Consider logically what you're doing here. While the server-side code can indeed see the file, the client-side browser of course can not. And the code currently relies on that by sending this to the client:
<source type="video/mp4" src="E:/Movies/Movie.mp4">
Instead of thinking about the file itself, think about the request that the browser needs to make for the file.
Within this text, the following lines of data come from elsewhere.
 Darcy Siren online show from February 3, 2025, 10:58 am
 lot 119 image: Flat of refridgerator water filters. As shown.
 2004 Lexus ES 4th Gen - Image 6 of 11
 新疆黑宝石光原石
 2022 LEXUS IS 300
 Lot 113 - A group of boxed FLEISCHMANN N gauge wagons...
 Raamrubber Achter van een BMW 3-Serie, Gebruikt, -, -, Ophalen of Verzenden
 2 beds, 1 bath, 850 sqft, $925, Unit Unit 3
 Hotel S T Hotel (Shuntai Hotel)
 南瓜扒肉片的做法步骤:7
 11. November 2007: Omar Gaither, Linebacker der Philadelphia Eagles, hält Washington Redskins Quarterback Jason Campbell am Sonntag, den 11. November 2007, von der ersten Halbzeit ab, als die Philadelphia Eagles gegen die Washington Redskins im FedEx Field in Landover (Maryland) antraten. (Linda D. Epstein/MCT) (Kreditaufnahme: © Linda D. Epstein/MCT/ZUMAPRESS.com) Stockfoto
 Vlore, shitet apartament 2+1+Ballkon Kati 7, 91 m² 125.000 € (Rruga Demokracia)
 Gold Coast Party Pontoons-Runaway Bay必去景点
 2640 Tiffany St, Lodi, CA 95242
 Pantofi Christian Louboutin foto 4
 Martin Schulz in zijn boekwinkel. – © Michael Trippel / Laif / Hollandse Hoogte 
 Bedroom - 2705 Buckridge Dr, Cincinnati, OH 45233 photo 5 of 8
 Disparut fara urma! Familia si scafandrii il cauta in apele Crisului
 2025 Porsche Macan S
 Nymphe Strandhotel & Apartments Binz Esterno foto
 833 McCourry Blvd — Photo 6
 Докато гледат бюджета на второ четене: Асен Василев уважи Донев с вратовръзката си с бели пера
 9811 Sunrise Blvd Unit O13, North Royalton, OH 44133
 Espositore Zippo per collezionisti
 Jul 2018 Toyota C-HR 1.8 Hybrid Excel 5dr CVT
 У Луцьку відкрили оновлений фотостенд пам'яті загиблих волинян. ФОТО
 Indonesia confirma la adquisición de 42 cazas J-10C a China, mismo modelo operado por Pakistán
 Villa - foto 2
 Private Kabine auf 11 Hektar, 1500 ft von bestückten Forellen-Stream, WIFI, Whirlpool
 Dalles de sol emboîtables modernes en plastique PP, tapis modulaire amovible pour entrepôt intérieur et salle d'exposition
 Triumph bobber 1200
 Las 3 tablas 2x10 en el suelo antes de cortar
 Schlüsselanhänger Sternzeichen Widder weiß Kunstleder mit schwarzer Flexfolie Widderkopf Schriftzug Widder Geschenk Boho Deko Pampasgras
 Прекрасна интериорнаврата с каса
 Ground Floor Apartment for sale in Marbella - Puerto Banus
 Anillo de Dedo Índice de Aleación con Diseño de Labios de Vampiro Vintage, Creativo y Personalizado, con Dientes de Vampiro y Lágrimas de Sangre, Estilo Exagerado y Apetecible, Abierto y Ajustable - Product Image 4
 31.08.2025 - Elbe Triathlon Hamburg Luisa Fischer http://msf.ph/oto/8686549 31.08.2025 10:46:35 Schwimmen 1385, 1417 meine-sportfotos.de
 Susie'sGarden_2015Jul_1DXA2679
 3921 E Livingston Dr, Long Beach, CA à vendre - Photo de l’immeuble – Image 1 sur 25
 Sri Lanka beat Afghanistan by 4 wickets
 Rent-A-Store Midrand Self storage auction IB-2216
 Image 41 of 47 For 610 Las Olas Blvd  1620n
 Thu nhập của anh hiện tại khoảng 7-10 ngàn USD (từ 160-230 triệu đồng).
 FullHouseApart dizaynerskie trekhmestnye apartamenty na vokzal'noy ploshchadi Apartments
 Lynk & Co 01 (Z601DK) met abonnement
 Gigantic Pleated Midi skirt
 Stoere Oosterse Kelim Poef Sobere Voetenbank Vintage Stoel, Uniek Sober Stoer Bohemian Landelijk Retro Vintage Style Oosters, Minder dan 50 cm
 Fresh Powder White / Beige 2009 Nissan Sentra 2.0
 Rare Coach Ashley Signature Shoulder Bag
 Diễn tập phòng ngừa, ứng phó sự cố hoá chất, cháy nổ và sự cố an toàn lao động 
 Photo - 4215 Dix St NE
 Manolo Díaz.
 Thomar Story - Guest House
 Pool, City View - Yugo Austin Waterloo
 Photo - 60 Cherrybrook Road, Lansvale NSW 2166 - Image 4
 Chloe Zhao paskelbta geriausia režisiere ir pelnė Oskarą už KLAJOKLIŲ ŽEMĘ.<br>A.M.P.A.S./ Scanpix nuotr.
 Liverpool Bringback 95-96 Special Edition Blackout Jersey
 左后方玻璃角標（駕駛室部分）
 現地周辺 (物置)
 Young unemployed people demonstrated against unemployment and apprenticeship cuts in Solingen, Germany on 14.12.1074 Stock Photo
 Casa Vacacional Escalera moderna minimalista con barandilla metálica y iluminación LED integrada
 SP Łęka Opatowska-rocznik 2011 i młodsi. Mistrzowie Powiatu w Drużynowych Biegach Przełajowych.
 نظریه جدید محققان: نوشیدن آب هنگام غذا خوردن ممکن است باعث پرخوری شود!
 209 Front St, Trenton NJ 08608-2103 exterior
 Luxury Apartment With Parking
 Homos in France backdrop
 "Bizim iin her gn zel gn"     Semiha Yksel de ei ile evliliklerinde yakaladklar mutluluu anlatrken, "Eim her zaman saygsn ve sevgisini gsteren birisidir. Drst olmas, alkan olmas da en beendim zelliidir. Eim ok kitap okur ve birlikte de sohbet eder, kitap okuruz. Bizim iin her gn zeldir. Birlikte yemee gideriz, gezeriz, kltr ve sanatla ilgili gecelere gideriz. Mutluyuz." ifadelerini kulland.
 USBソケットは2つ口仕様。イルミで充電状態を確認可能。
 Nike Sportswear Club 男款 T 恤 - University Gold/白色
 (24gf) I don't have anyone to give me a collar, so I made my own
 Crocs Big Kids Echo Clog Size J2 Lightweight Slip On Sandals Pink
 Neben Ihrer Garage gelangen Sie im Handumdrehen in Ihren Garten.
The browser is actually making two requests here:
- One for the HTML that PHP outputs
- One for the file in the
src
attribute
For that second request, you need to make another PHP "page". (Though that "page" isn't going to return a web page, it's going to return the actual file.) That second page will need to know which file is being requested and will need two things:
- It needs to know which file the client wants
- It needs to stream the file to the client
For the first part, you can add the file name itself to the query string on the URL. You'll want to be careful here because clients can request any file, so in your server-side code you'll want to ensure that requests for unauthorized files are denied. But essentially the code might look something like this:
$src = "streamMovie.php?file=" . urlencode("E:/Movies/Movie.mp4");
This should result in something like:
<source type="video/mp4" src="streamMovie.php?file=E%3A%2FMovies%2FMovie.mp4">
Now steamMovie.php
knows which file is being requested by checking the value in $_GET["file"]
. Then it just needs to stream that file. I could go into the details on that part, but it's already been answered elsewhere.